[[ Data extracts open ]]
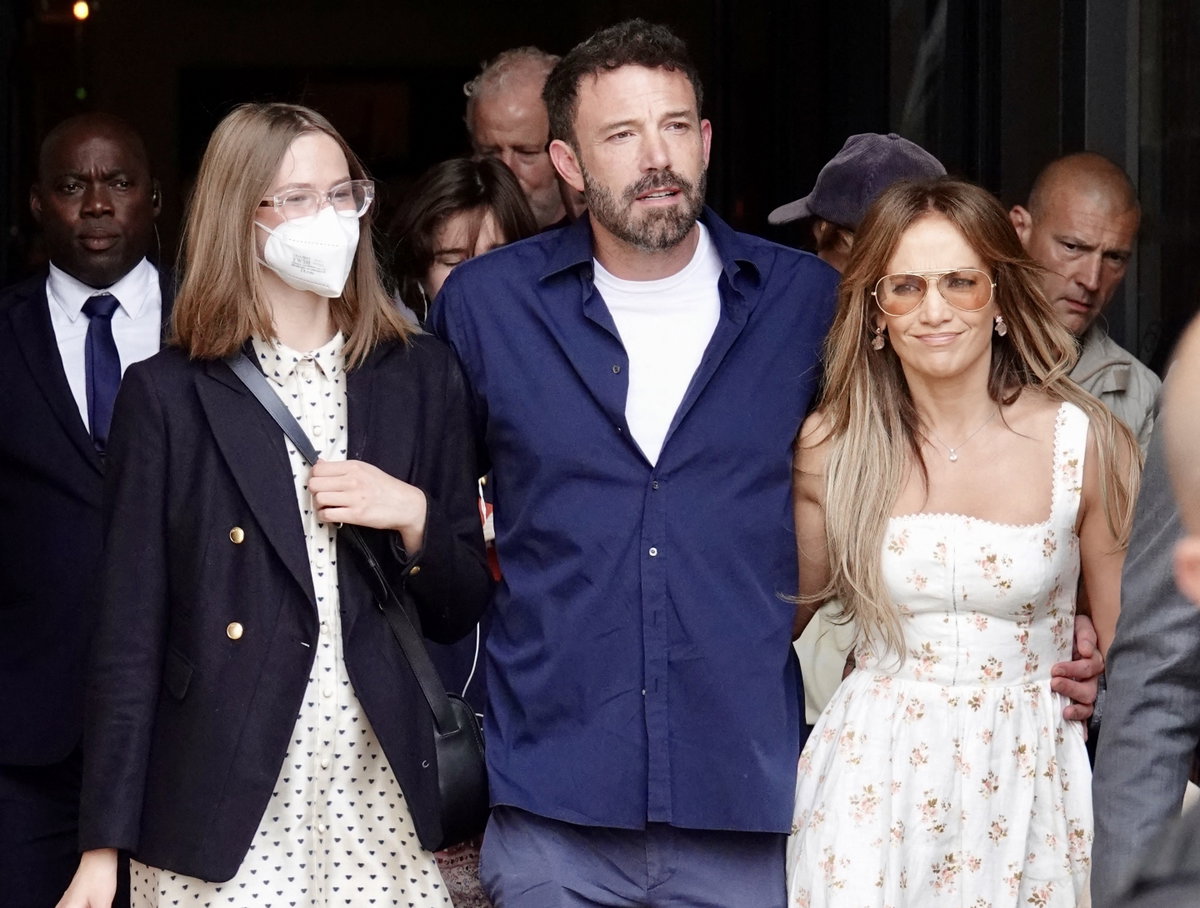 Ben Affleck im Arm mit Tochter Violet und Jennifer Lopez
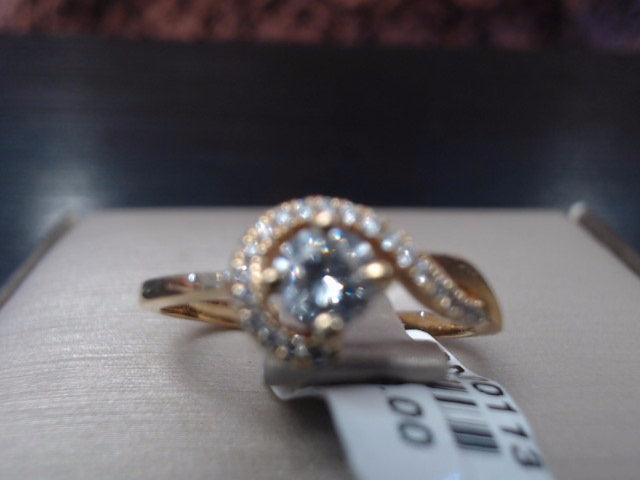 18 Karat Contemporary Engagement Ring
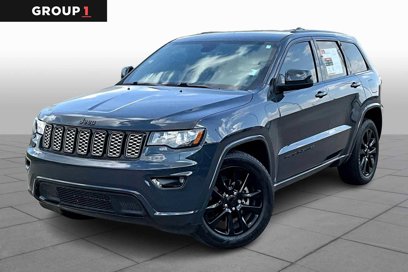 Used 2017 Jeep Grand Cherokee Altitude
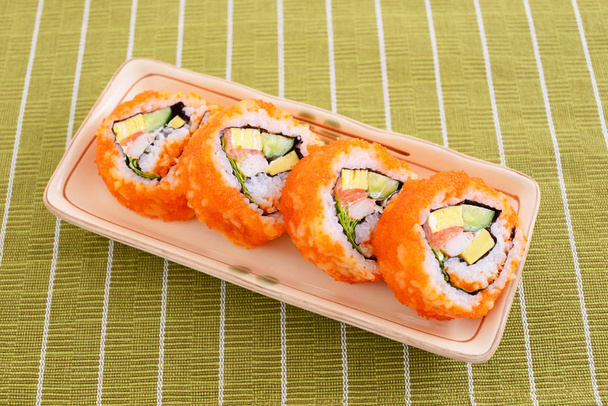 Deliciosos rolos de sushi feitos com frutos do mar frescos
 - Foto, Imagem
[[ Data extracts closed ]]
Your objective
Each line above should be written out again exactly, without any image.

Output of the task
 Ben Affleck im Arm mit Tochter Violet und Jennifer Lopez
 18 Karat Contemporary Engagement Ring
 Used 2017 Jeep Grand Cherokee Altitude
 Deliciosos rolos de sushi feitos com frutos do mar frescos
 - Foto, Imagem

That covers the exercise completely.